• _BRIEF_
Leaving out every picture, please repeat exactly the line that contains "Pants Gray Cotton Blend Super Slim Fit Jeans" and each line after it through the final line below.

• _DATA PROVIDED_
************

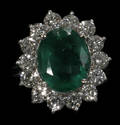 021065 14KT WHITE GOLD DIAMOND  EMERALD RING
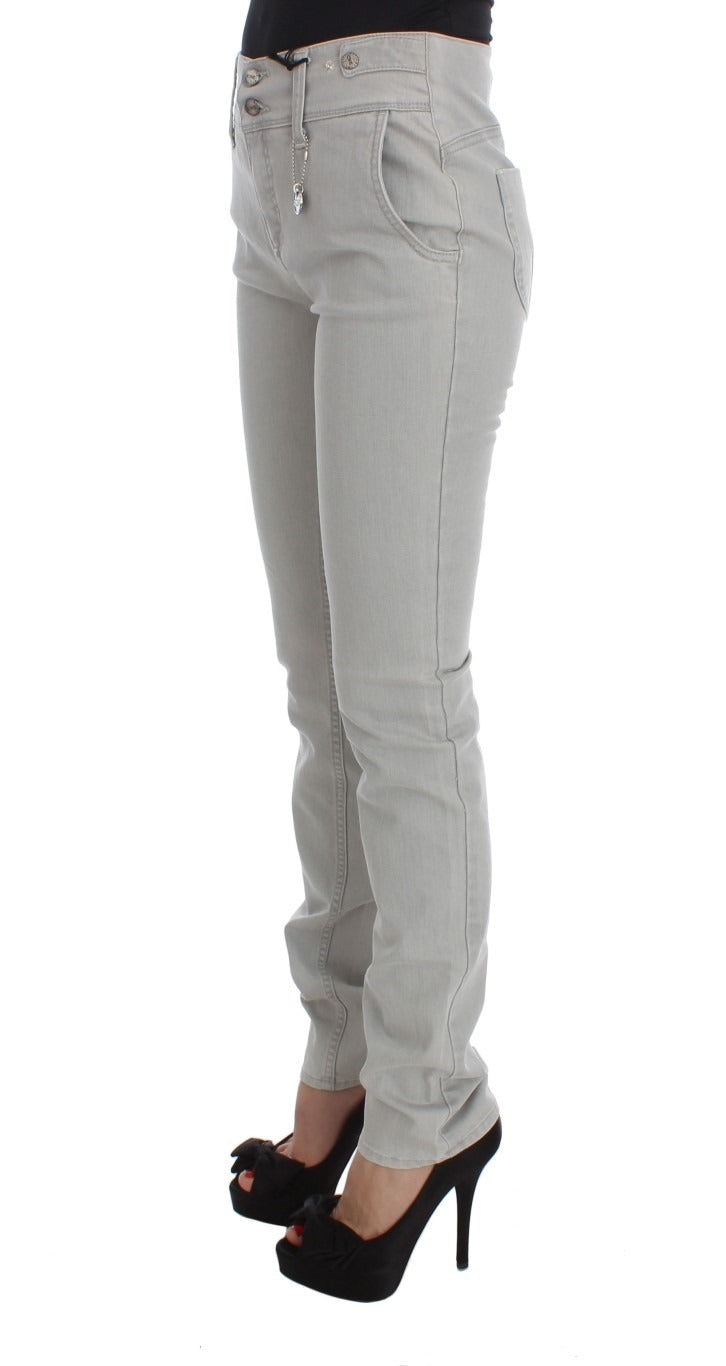 Pants Gray Cotton Blend Super Slim Fit Jeans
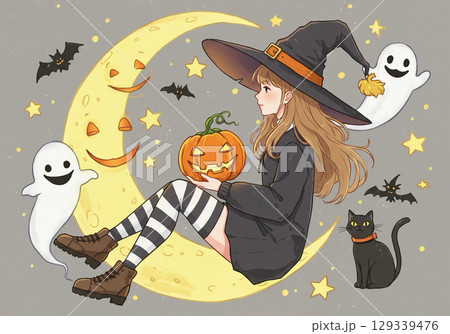 ハロウィンコスチュームの女の子イラスト 129339476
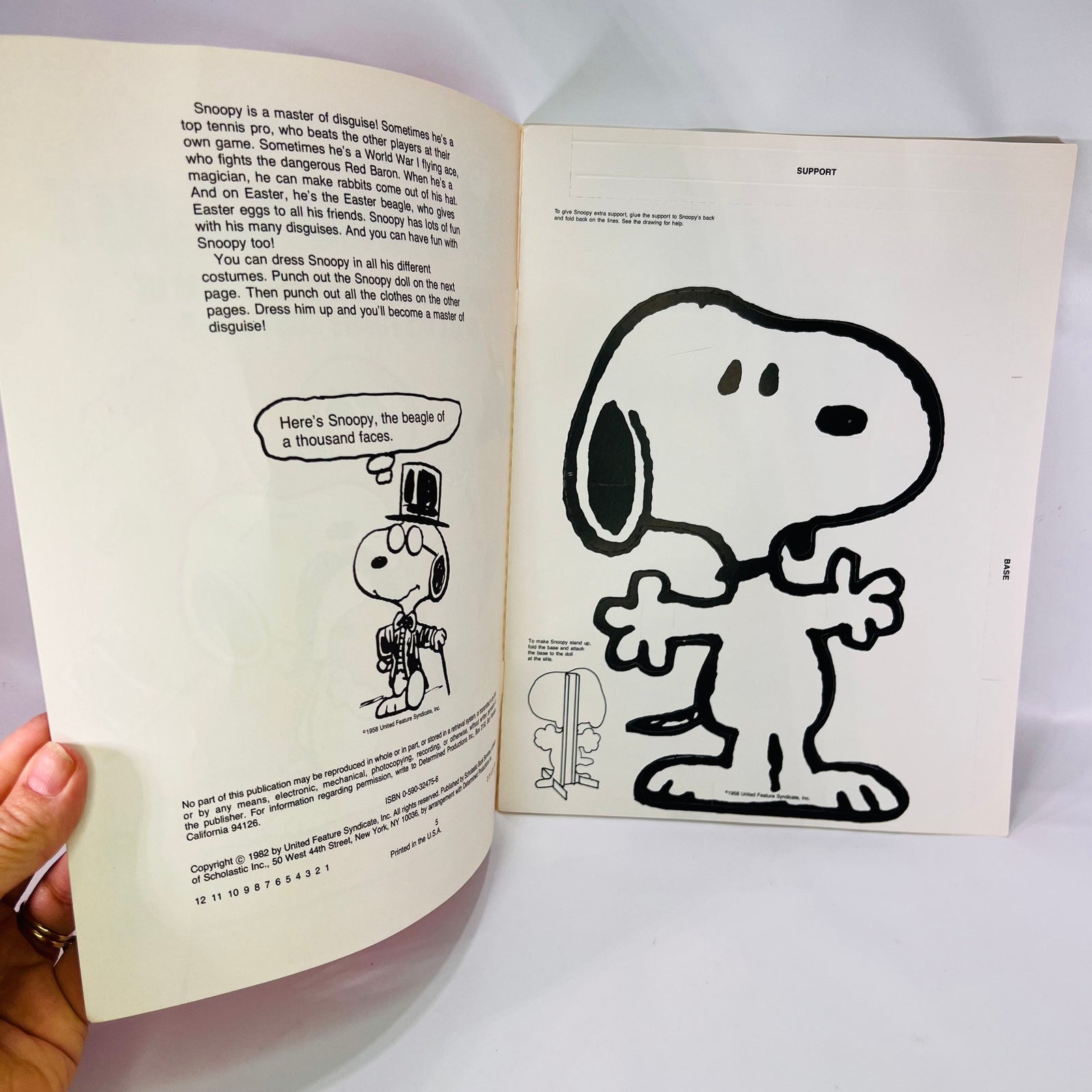 Snoopy Disguise Kit Vintage Peanuts Punch Him Out Paper Doll Activity Funny Costumes Scholastic Books 1982 United Feature Syndicate Inc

************

• _ANSWER_
 Pants Gray Cotton Blend Super Slim Fit Jeans
 ハロウィンコスチュームの女の子イラスト 129339476
 Snoopy Disguise Kit Vintage Peanuts Punch Him Out Paper Doll Activity Funny Costumes Scholastic Books 1982 United Feature Syndicate Inc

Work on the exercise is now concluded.